- _WORK ITEM_: Transcribe every entry below word for word, but skip the pictures.

- _THE DATA_:
════════

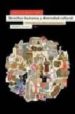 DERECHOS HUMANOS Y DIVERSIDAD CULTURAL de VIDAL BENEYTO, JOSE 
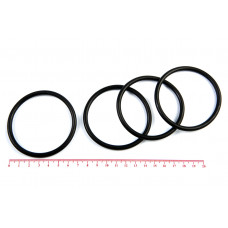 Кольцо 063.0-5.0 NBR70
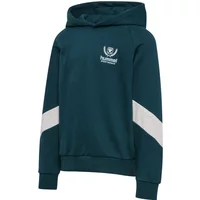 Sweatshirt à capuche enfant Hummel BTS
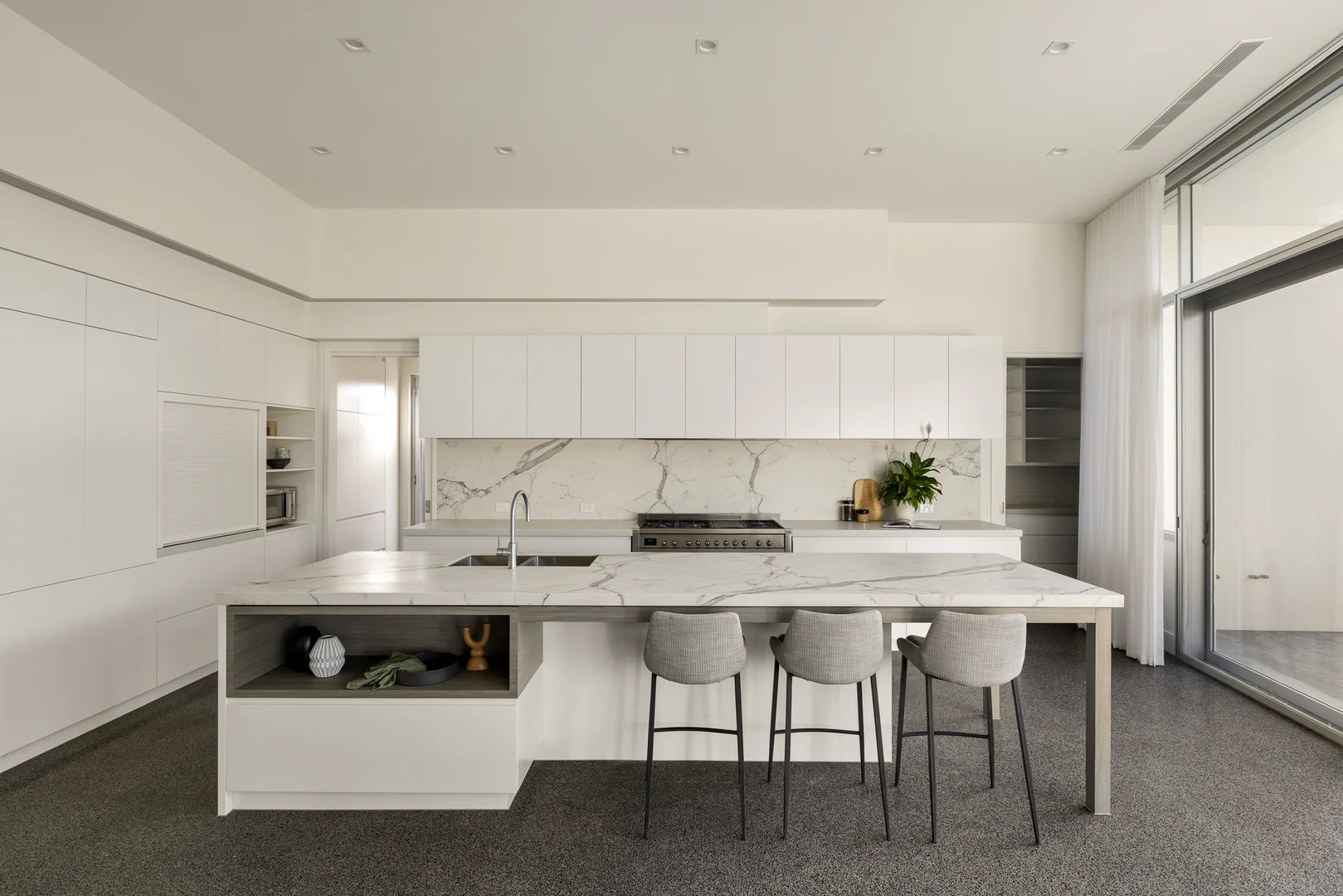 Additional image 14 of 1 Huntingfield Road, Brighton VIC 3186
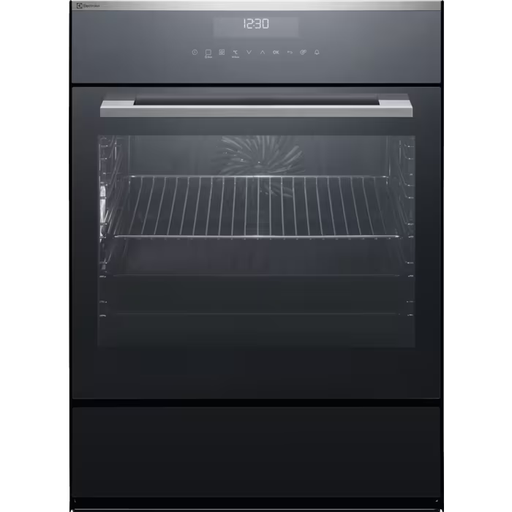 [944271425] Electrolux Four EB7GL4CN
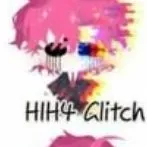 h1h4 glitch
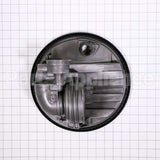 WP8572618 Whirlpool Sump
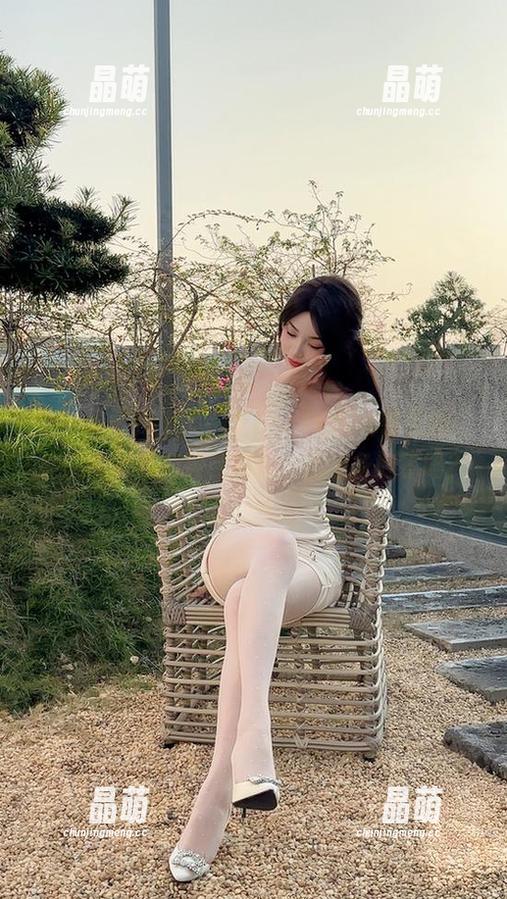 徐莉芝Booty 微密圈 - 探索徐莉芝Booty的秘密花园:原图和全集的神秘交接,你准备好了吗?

════════

- _TASK RESULT_:
 DERECHOS HUMANOS Y DIVERSIDAD CULTURAL de VIDAL BENEYTO, JOSE 
 Кольцо 063.0-5.0 NBR70
 Sweatshirt à capuche enfant Hummel BTS
 Additional image 14 of 1 Huntingfield Road, Brighton VIC 3186
 [944271425] Electrolux Four EB7GL4CN
 h1h4 glitch
 WP8572618 Whirlpool Sump
 徐莉芝Booty 微密圈 - 探索徐莉芝Booty的秘密花园:原图和全集的神秘交接,你准备好了吗?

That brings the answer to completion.